Jennifer Ferro was still a UCLA undergrad in the early 1990s when she landed an internship at KCRW, the public radio station in nearby Santa Monica.

“Jennifer had an internship that turned into a job,” noted Sarah Burtner, a second-year student in public policy at UCLA Luskin who helped introduce Ferro to a crowd of about 75 people, mostly students, who gathered Jan. 18, 2018, to hear Ferro’s Senior Fellows Speakers Series presentation. Ferro has been with KCRW for 25 years now.

“Millennials, on average, change jobs every three to five years, so this type of longevity is truly lost on us,” said Burtner with a smile.

Today, KCRW is the flagship public radio outlet in Southern California and Ferro is the station’s president. She is also an active participant in the UCLA Luskin Senior Fellows program, serving as a mentor for current students such as Burtner and Andres Carrasquillo of urban planning.

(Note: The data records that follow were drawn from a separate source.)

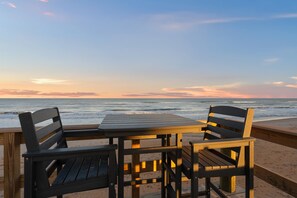 Outdoor dining - Coastal Home Retreat with Rooftop Deck/Private Beachfront Deck-Steps to the Beach (Flagler Beach)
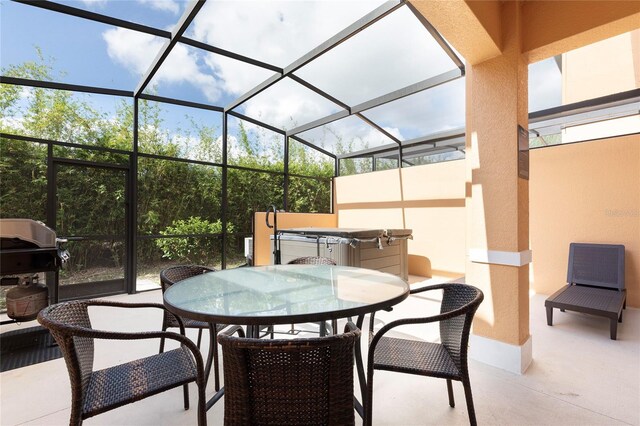 view of patio / terrace featuring area for grilling and a lanai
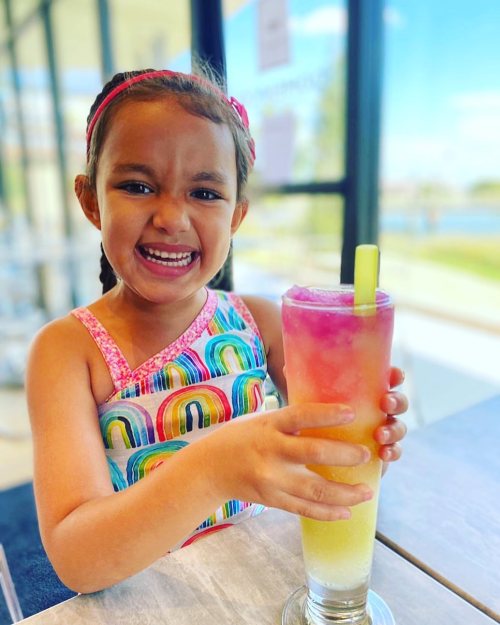 A smiling child holds a colorful layered drink in a bright, sunny café setting.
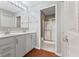 Bathroom with double sink vanity, large mirror, and shower with glass doors at 2726 Reflection Way, Greenwood, IN 46143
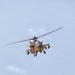 A military attack helicopter is photographed in flight from a low angle against an overcast sky. The aircraft is painted in a desert tan/sand camouflage scheme and is fully armed with visible weapons systems. The helicopter appears to be an AH-64 Apache or similar attack variant based on its distinctive tandem cockpit and weapons configuration.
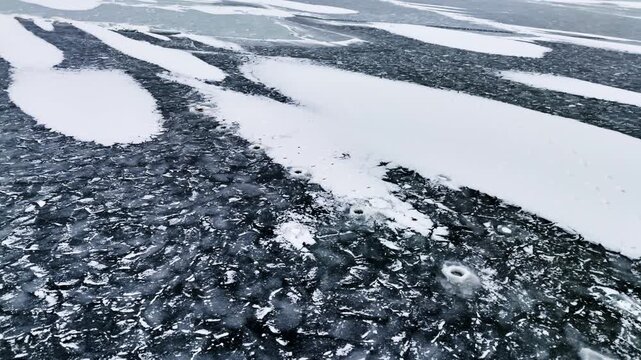 Aerial winter view of an ice fishing area with drilled holes across patterned frozen surface and snow patches, capturing cold weather recreation and risky thin-ice conditions.
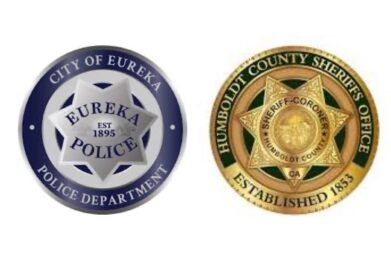 Blue and silver round badge for eureka police department on the left, gold and green round badge for Humboldt County sheriffs office on the right.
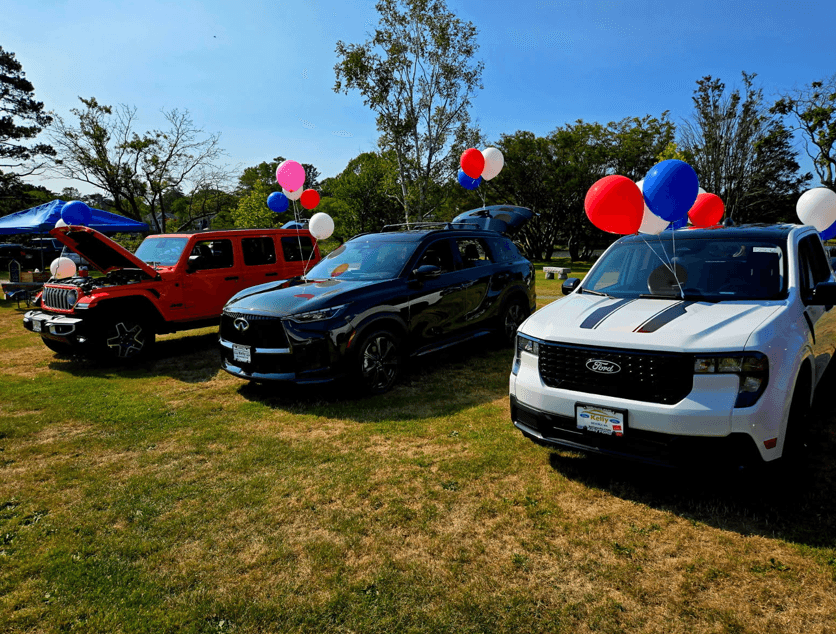 Variety of new vehicles on display Jeep Wrangler, INFINITI QX60, and Ford Maverick lined up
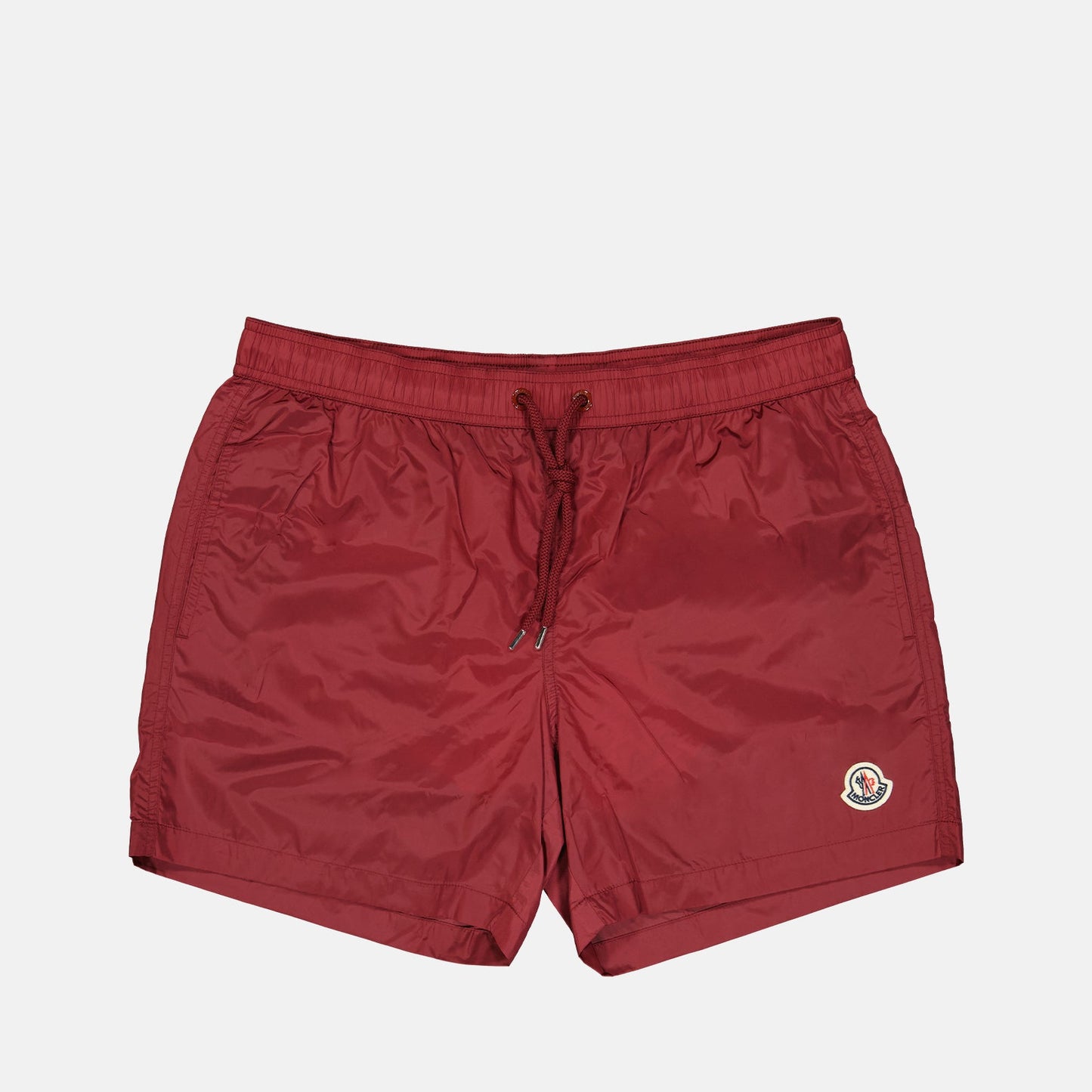 moncler swim shorts, burgundy logo shorts, luxury swimwear, premium swim shorts, high-end beachwear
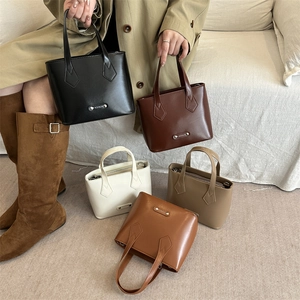 Stylish PU leather bucket tote bags for women in five colors with a metal fashion logo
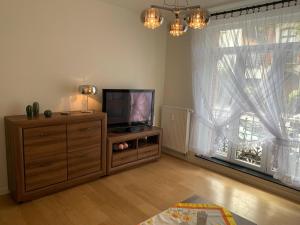 een woonkamer met een flatscreen-tv op een dressoir bij Appartement Chez Agnes in Brussel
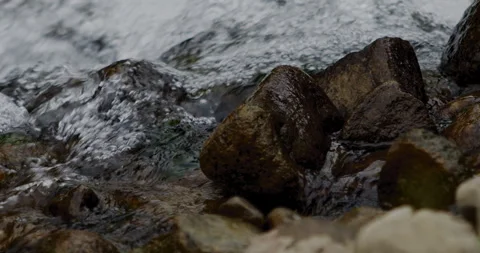 Close Up Slow Motion Flowing River Water with Rocky Shore 動画素材 336806348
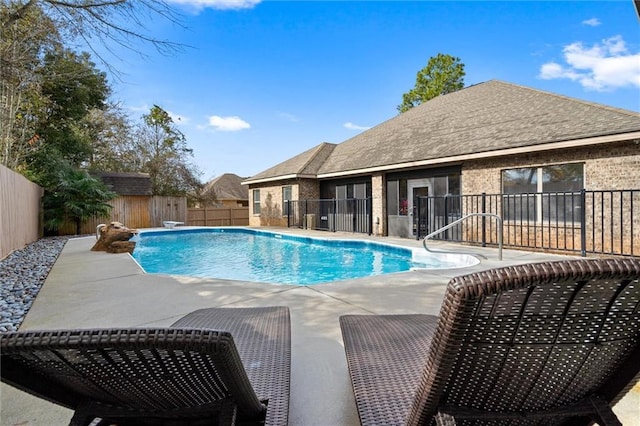 view of swimming pool with a storage shed and a patio area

“We were drawn to Jennifer’s work at KCRW to help us understand how we might use the tools from the field of communication in thoughtful, engaging ways to help the public navigate the complexities of our fields,” Carrasquillo told the audience in the California Room at the UCLA Faculty Center.


Ferro’s presentation focused on a central question: “What role can public media play in making good people?”

“At KCRW and in public media, we do very high quality work. And I do think it matters that when your goal and your mission is to serve people and not to get the largest audience,” Ferro said. “It means that you attract people with integrity and talk to people who care about integrity.”

She leads a radio outlet that is among the nation’s largest, best-known and most prolific, producing more than 100 hours of public interest and music programming each week. Her station offers hard news reporting as well as feature coverage of trendsetters in fields such as food, art, Hollywood or culture.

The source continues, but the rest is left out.